Presque chaque dimanche, le quartier ancien d’Ozu accueille un petit marché d’antiquités à Pokopen Yokocho, un espace rétro au cœur de la ville. Dans cette ruelle aménagée façon ère Showa (1926-1989), on chine des jouets rétro, des vinyles poussiéreux, de la vaisselle d’un autre temps, ou encore de vieilles réclames en métal. Le tout, dans une belle ambiance vintage. C’est un événement très modeste mais intéressant pour une petite balade sans prétention. C’est organisé le dimanche, aux dates suivantes :

  • De mars à novembre : chaque dimanche sauf le 2ᵉ dimanche du mois.
  • De décembre à février : uniquement le 3ᵉ dimanche du mois.

Juste à côté, le bâtiment Omoide Warehouse (entrepôt des souvenirs) prolonge cette plongée nostalgique. Cette sorte de musée du rétro n’est clairement pas incontournable, mais l’endroit a le mérite d’exister, surtout si on est sensible à ce genre d’ambiance. On y retrouve pêle-mêle vélos, meubles anciens, gadgets d’époque et autres trésors du quotidien japonais des années 1950 à 1980.

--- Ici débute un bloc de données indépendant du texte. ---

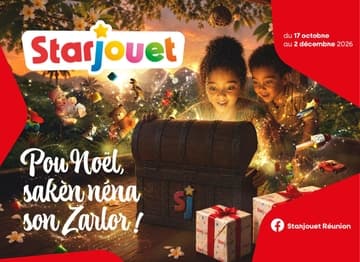 Catalogue Starjouet La Réunion Noël 2026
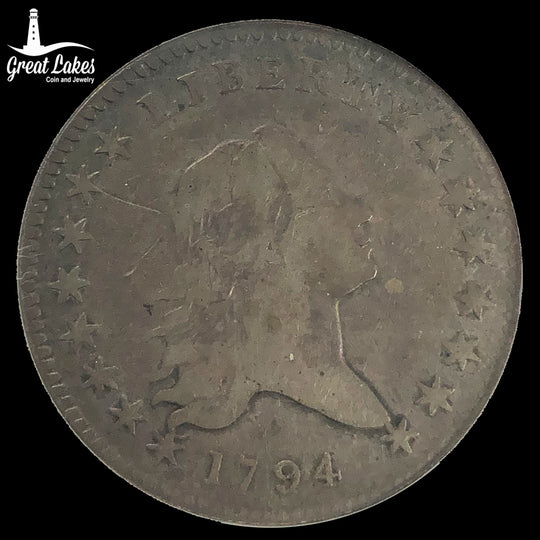 1794 Flowing Hair Half Dollar NGC F15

Enfin, à quelques pas, l’Ozu Akarenga-kan (bâtiment en briques rouges) est un espace culturel qui abrite une boutique d’artisanat local et un petit café en mezzanine donnant sur une cour intérieure en briques. Construit en 1901 comme siège de la banque commerciale d’Ozu, il mêle architecture occidentale et détails japonais traditionnels (comme ses tuiles ornées du caractère 商, « commerce »).

Le mont Tomisuyama

Du haut de ses 320 mètres d’altitude, le mont Tomisuyama domine paisiblement la plaine d’Ozu depuis le nord. Depuis son sommet, on profite d’un superbe panorama sur la ville et ses vallées et collines environnantes. Mais c’est surtout au cœur du printemps japonais que le mont Tomisuyama attire les regards : de fin avril à mi-mai, plus de 60 000 azalées recouvrent ses pentes de teintes vives, entre rose et fuchsia. Un décor spectaculaire qui en fait l’un des plus beaux endroits du Japon durant la saison des azalées.

Ozu no Ukai, la pêche aux cormorans

Chaque été, Ozu no Ukai, la pêche aux cormorans d’Ozu, transforme la rivière Hijikawa en scène vivante d’un Japon ancestral. Considérée comme l’un des trois grands ukai du Japon, cette tradition se déroule à la nuit tombée, à bord de bateaux éclairés par des torches (ukaibune). Le public prend place sur une embarcation parallèle à celle du pêcheur. En silence, on suit les gestes précis des ukaisho, les maîtres-cormorans vêtus de leurs costumes rituels. Attachés par une fine corde, cinq cormorans plongent tour à tour et ressortent avec des truites ayu frétillant dans le bec. En arrière-plan, le château d’Ozu et la villa Garyu Sanso se découpent dans la nuit, parachevant un tableau nocturne unique.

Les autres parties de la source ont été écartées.